If a student — any student of any capability, including the very best — misspells a proper name, I stop reading and assign an automatic “F” to the story. And remember, a proper name is more than just someone’s name. It’s any word with an initial capital letter (uppercase to us literate geeks). That’s product names. Street names. City and towns. States. Get it wrong; get an “F.”

I don’t stop there. If a student — again, any student — commits an error in fact, then each error in fact will result in a third-of-a-letter grade deduction.

So it’s possible for students to misspell and illfactualize (a new word I just made up; it’s a new game you can play at home) themselves into grading oblivion — a minus score.

So why should I subject you, my loyal readers, to this drivel? Because, it seems, I am an about-to-be-extinct dinosaur trying to cope with an evolution in the meaning of such words as “fact,” “accuracy,” “truth” and “credibility.”

Today I read a letter to our readers from Richard M. Smith, chairman and editor-in-chief of Newsweek.

In it he attempts to explain that Newsweek has hardened its policy on the use of anonymous sources in wake of the Guantanamo-Quran fiasco. In the name of “accuracy and public trust,” he writes that Newsweek will never again use the phrase “sources say.” Instead, the newsmagazine will use new guidelines governing the use of anonymice — approval of a top editor, significant backchecking, independent confirmation where possible, revelation of the source’s ax to grind, and so on.

In other words, it’s another version of “we’ll only do it when we’re convinced we’re right.” There’s no sign that anonymous sources will disappear — only that more context will be provided about said sources.

I’m not sure how this new policy affects “fact,” “accuracy” and “truth.” It appears to me that these words have meanings that now fall on a sliding scale. Perhaps organizations such as Newsweek that use anonymice can run disclaimers in such stories: “This story contains facts 85 percent verifiable; overall accuracy score is 79 percent; truth quotient is 72 percent, plus or minus 3 percent.”

The LA Times‘ media critic, David Shaw, chimes in on anonymice in his Media Matters column, saying, “I’m convinced that significantly reducing the number of unnamed sources could go a long way toward restoring the public’s trust in the news media.” That means, to me, when journalists attach names to the facts the sources allege — instead of sources hiding behind the false facade of anonymity — then readers can assess for themselves the level of fact, accuracy and truth.

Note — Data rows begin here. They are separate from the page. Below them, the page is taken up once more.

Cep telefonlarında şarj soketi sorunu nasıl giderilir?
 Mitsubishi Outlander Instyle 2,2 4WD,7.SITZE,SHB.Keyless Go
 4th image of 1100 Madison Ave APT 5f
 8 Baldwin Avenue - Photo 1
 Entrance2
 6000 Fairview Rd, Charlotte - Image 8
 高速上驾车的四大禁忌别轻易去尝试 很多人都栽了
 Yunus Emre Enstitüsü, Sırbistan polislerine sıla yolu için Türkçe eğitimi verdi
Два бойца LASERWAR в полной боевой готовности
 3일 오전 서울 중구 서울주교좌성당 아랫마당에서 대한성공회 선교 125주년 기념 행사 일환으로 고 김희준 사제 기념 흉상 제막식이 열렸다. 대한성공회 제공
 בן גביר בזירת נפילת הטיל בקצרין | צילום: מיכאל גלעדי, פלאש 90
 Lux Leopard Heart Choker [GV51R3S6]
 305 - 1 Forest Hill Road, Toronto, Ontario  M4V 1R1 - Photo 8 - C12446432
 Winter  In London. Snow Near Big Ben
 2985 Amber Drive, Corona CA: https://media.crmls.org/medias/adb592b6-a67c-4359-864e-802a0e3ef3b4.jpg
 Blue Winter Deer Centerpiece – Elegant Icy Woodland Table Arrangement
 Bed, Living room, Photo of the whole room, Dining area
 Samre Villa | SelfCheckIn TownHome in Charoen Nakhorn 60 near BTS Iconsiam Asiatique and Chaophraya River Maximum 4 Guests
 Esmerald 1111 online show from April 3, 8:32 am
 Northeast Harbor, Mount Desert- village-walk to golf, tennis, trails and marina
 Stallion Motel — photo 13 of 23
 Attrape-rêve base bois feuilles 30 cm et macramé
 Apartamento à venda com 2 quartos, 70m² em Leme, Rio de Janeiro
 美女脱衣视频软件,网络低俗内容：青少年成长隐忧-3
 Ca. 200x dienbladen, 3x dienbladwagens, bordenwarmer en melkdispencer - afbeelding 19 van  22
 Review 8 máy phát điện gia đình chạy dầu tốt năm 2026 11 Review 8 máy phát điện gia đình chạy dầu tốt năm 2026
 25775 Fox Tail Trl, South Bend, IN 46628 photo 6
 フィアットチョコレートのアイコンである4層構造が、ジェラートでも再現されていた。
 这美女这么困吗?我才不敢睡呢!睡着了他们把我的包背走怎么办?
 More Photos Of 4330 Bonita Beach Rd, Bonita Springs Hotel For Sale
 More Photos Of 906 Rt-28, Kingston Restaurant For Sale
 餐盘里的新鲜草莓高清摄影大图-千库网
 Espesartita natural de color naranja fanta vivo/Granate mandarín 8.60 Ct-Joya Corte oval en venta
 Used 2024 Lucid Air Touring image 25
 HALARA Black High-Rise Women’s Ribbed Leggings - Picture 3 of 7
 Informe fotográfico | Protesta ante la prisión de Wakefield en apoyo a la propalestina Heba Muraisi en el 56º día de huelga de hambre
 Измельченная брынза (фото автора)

But little errors corrode fact, accuracy and truth as well.

Shaw notes that The New York Times‘ internal review of its own credibility problems says the newspaper ought to “reduce factual errors.”

Each day, 1,456 daily newspaper organizations produce the equivalent of a book. Day after day. So, they make mistakes. In fact. In the spelling of names. In ages. In identifications of people. In dollar amounts in municipal budget and annual report stories. All kinds of errors, resulting in the 3,200 corrections the Times ran last year, according to Shaw.

It’s the little inaccuracies that compound themselves into loss of reader credibililty — and ultimately to loss of circulation.

Carole Leigh Hutton, the Detroit Free Press‘ publisher and editor who had to deal with the Mitch Albom case, is a Joanie-Come-Lately to the death of a thousand tiny inaccuracies.

According to the Wichita (Kan.) Eagle, she told an audience of about 350 people at the National Writers Workshop that she was astonished by the errors she said found in other news organizations’ coverage of the Albom flap.

I’d like to know how many times she’s seen her name in a newspaper with the “e” left off her first name, Carole. More than once, methinks. That realization (sheesh, you’d think top editors would be more aware of the creeping nonfactness in newspapers) and the Albom flap prompted her to institute, according to the Eagle:

• Sending verification letters to people quoted in stories chosen at random after publication to ask how accurate the story was.

• Starting a program to verify and fact-check articles after publication.

• Reworking the ethics policy to further clarify the rules on attribution.

That second one … How about greater emphasis on verifying and fact-checking stories before publication? Isn’t that what the damn copy desk is supposed to do?

Conceiving stories; collecting information; sorting it for fact vs. falsehood; writing stories clearly, accurately and with a certain degree of charm; editing them; verifying them; and making sound judgments about them is billed these days as more complicated, more prone to “soundly guessing” about veracity of anonymous sources that it was back in my old newsroom days.

But it really isn’t. Forgive the cliches, but in the rush to judgments newspapers make because of the perceived competitive pressures of other media (such as newspapers’ own damn web sites), newspapers have forgotten what used to make them credible — getting it right instead of getting it first.

If they want to get it right, then all these post-Albom, post-Newsweek, post-scandal-of-the-week correctives ought to be applied long before publication.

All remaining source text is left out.